The spectacle of Aung San Suu Kyi, a once-persecuted Nobel peace laureate now defending her country against allegations of genocide over its treatment of the Rohingya minority, has been one of bewildering irony.
In the years after she was released from house arrest in 2010, princes, presidents and prime ministers welcomed Aung San Suu Kyi with open arms into their own opulent homes.
The feel-good factor of rubbing shoulders with someone who had dedicated much of her adult life to the pursuit of democracy was irresistible.
Then, the grandeur of the Peace Palace in The Hague – a marble-floored monument to global harmony – would have been comfortable surroundings for Myanmar’s Nobel Peace Prize winner. A native habitat, even.

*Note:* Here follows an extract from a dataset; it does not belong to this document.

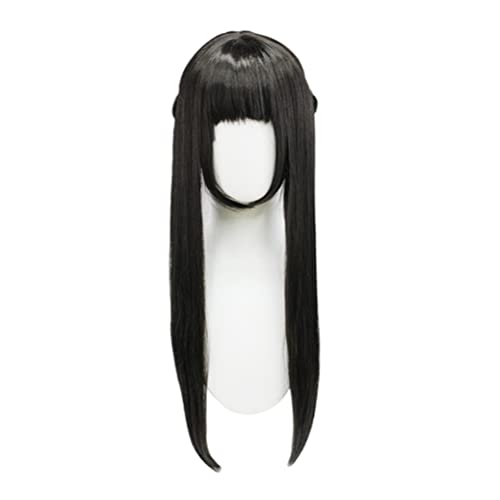 Yiwaso Perruque Cosplay Yor Forger - Perruque anime longue - Marron et noir - Avec poney - Pour femme - Pour cosplay quotidien - Noir Cover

But not now. There was no red carpet, welcoming committee or brass band.
Instead the light pouring through the stained glass of the Great Hall of Justice illuminated an often haunted-looking figure who had chosen to come and listen to descriptions of some of the most unimaginably gruesome acts. Acts said to have been committed in her country. On her watch.
After two years on trial in the court of international public opinion, Aung San Suu Kyi was now trying to win over the 17 judges at the International Court of Justice (ICJ) – as she defended the same Myanmar military which had taken away her freedom for 15 years.
It was something she – and the rest of the world – surely never imagined would happen.
The cognitive dissonance of a faded beacon of universal human rights arguing against the horrific testimony of some of the 740,000 Rohingya Muslim refugees who had her fled her country pulsed through The Hague this week.
I realised that she was taking her seat in court 28 years to the day after she had accepted her Nobel prize, in absentia. It was a quirk of history that defined the slow-motion transformation of Aung San Suu Kyi’s global standing.
I will long remember certain images from this remarkable week.
There were the Rohingya survivors who’d travelled from the crushing bleakness of Cox’s Bazar – the largest refugee camp in the world – to be guests in the court.
Every morning, they arrived in the same type of sparkling executive transport as Ms Suu Kyi: afforded the same comfort as the leader of the country accused of trying to exterminate their people. For these three representatives of their stateless community, the scales of justice had finally levelled, if only for a few hours.
Then there was the face of Aung San Suu Kyi, possibly hearing for the first time in such brutal detail the crimes alleged to have been perpetrated by the Burmese Army in their clearance operation in Rakhine state in August 2017.
Such was the interest in Aung San Suu Kyi’s appearance, they had to open a second room to contain the international media. There were rueful shakes of the head, gentle intakes of breath as lawyers for The Gambia read out graphic accounts from Rohingya survivors: pregnant women beaten to death, mass rape, children thrown into fires.